Still, coal will continue to be a substantial part of the country’s fuel mix, says Mark McCullough, AEP’s vice president of generation. As part of a legal settlement announced Monday with the EPA and other parties, AEP agreed to stop burning coal at power plants in Kentucky, Indiana and Ohio by 2015.

But as gas elbows its way into coal country, disputes have started to emerge. Here in some parts of Belmont County, drillers have to bore through shallower coal seams first to get to the gas thousands of feet below ground. Coal companies can derail the drilling if they assert that it impinges on a mine, even one that hasn’t been established yet. The Smith-Goshen Landowners Group has leased 35,000 acres for gas drilling, and nearly all of it sits above seams belonging to Murray Energy, the country’s largest privately owned coal company.

Advertisement

Gas and coal advocates use the arguments of environmentalists, whose assessments they normally dismiss, to raise questions about the other side. Landowners leasing land to gas companies point to the damage done by coal mining to Ohio.

A member of the Smith-Goshen group, dairy farmer Larry Cain, drives past the entrance to one of Murray’s coal mines to give a visitor a view of an impoundment pond, a man-made lake of mining sludge as far as the eye can see. The miners meeting in Bellaire, for their part, echo environmentalists’ worries that hydraulic fracturing might contaminate water sources.

Many Ohioans, include some in coal mining, have had a hard time resisting the pocketbook allure of gas. People are being offered $5,000 to $7,000 an acre to sign leases, and royalty payments of 20% of revenues once gas is produced.

For years, Richard Clay worked as a coal miner in eastern Ohio. Now retired, Clay, 66, and his wife, Kaye, 54, have leased their 140-acre cattle and sheep farm in Piedmont to Gulfport Energy. Just signing the deal gave them enough money to pay off their mortgage. The company drilled a well and set up storage tanks under a stand of trees where the Clays’ son got married.

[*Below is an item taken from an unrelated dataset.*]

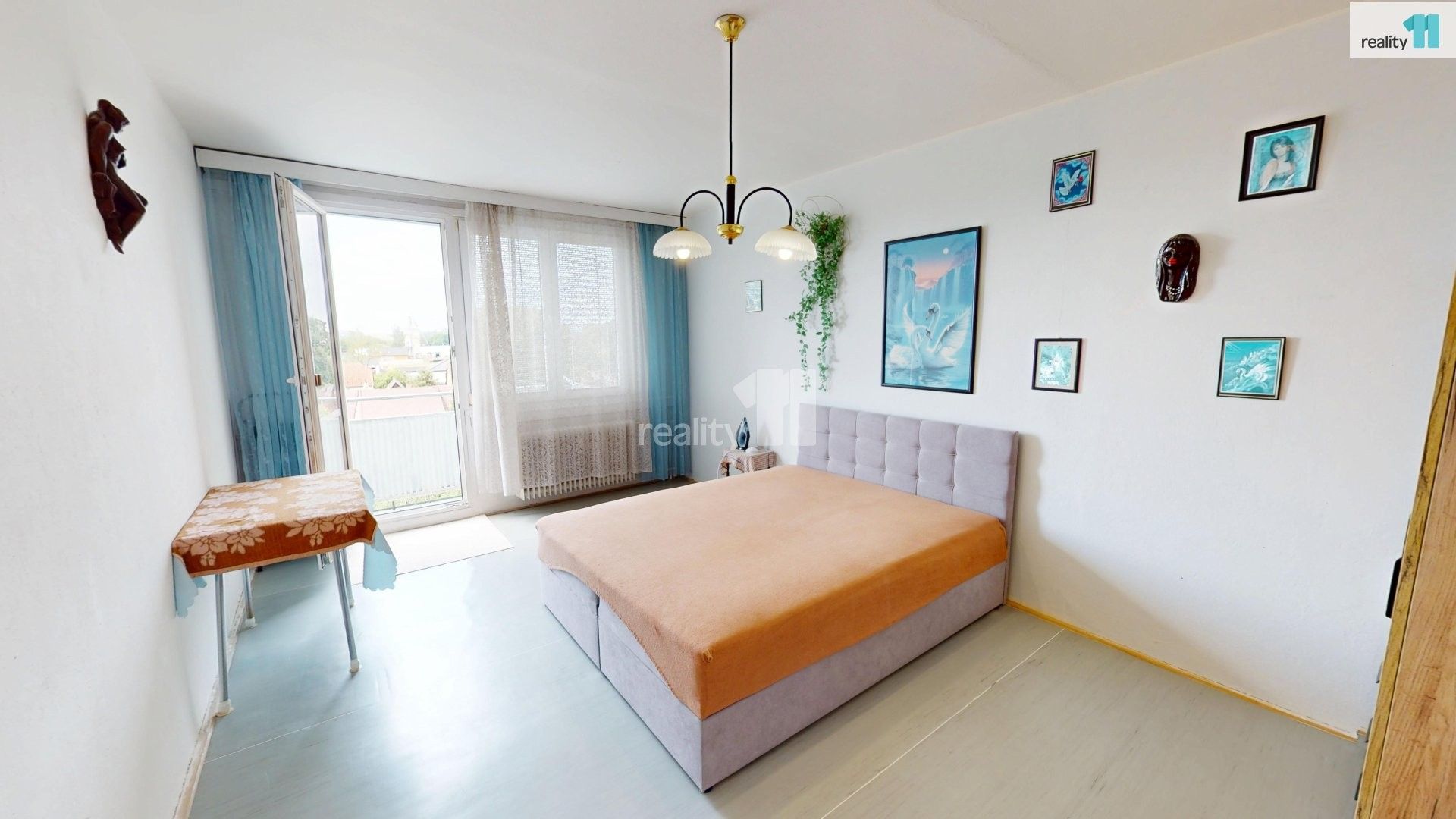 2+1, Sídliště, Počátky, 57 m² - 2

After seeing what coal mining can do to the land, the Clays said, they were pleased by how little disruption the gas drilling created.

“It felt wonderful to be able to pay off the mortgage,” Kaye Clay said. “At the same time, we want this farm to be a heritage to our children, so we didn’t want it torn up.”

For many miners, the only solace during the gas rush may be that there is so much coal in the country, it will have to be used somehow. To men like those at the United Mine Workers hall in Bellaire, natural gas may be needed, but it is a flash in the pan, while the deposits here are good for perhaps 30 years, they contend. Coal, they say, can be used for maybe hundreds of years.

Advertisement

Says miner Rick Altman, “When they turn off the tap, the pocketbooks will dry up too.”